### Goal of the exercise
The answer is the full listing below, copied exactly, with its pictures omitted.

### Recorded information

____________

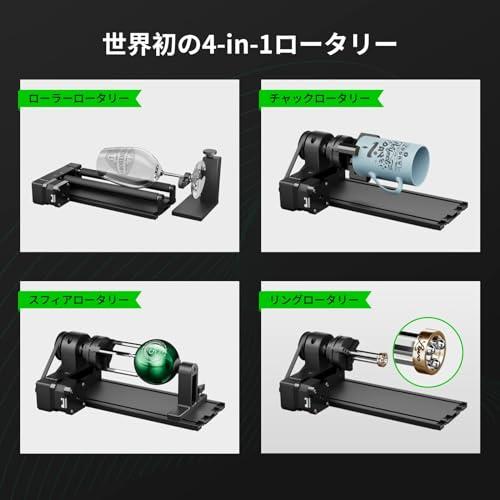 xTool D1 Pro/M1/M1 Ultra/F1/F1 Ultra/P2/S1用RA2 Pro 4-in-1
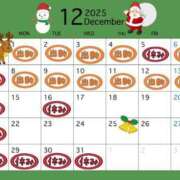 ヒメ日記 2025/11/30 22:18 投稿 なな [優良人妻店]セレブスタイル（山口～防府～萩）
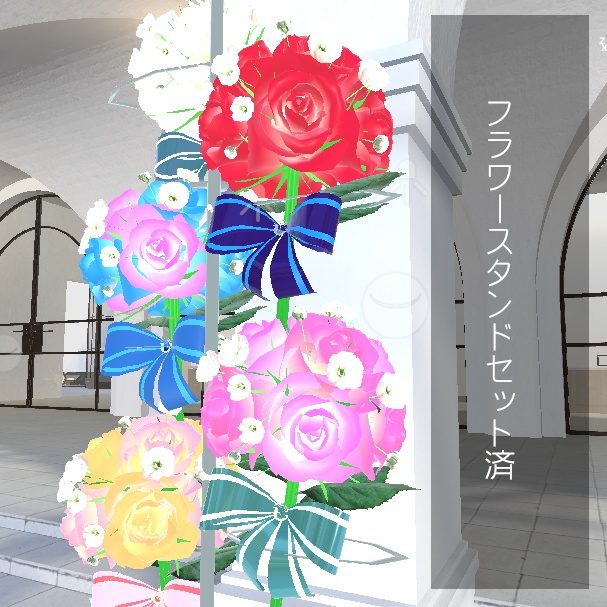 薔薇とかすみ草の花束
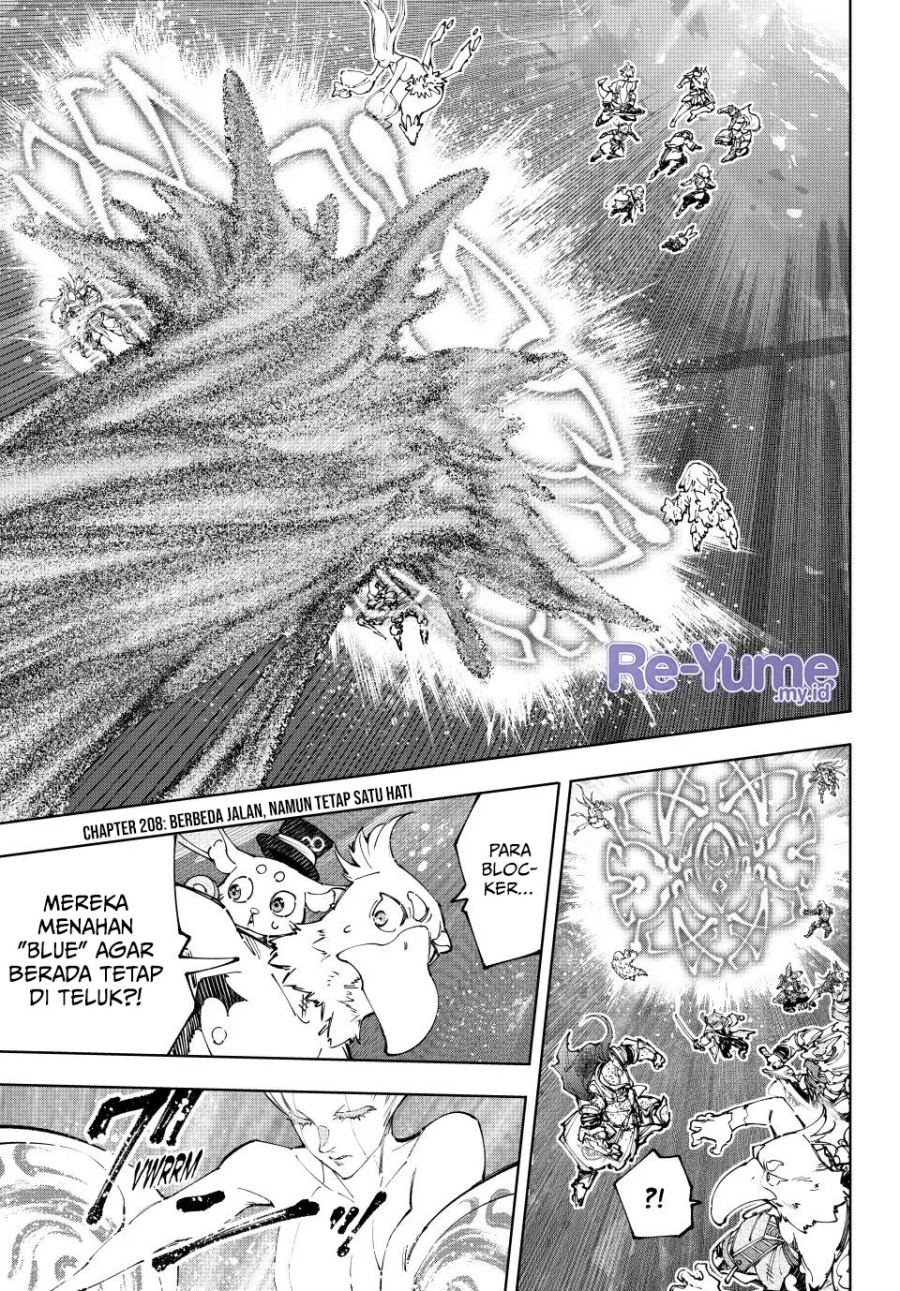Manga Shangri-La Frontier ~ Kusoge Hunter, Kamige ni Idoman to su~ Chapter 208 gambar 2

____________

### Result below
 xTool D1 Pro/M1/M1 Ultra/F1/F1 Ultra/P2/S1用RA2 Pro 4-in-1
 ヒメ日記 2025/11/30 22:18 投稿 なな [優良人妻店]セレブスタイル（山口～防府～萩）
 薔薇とかすみ草の花束
Manga Shangri-La Frontier ~ Kusoge Hunter, Kamige ni Idoman to su~ Chapter 208 gambar 2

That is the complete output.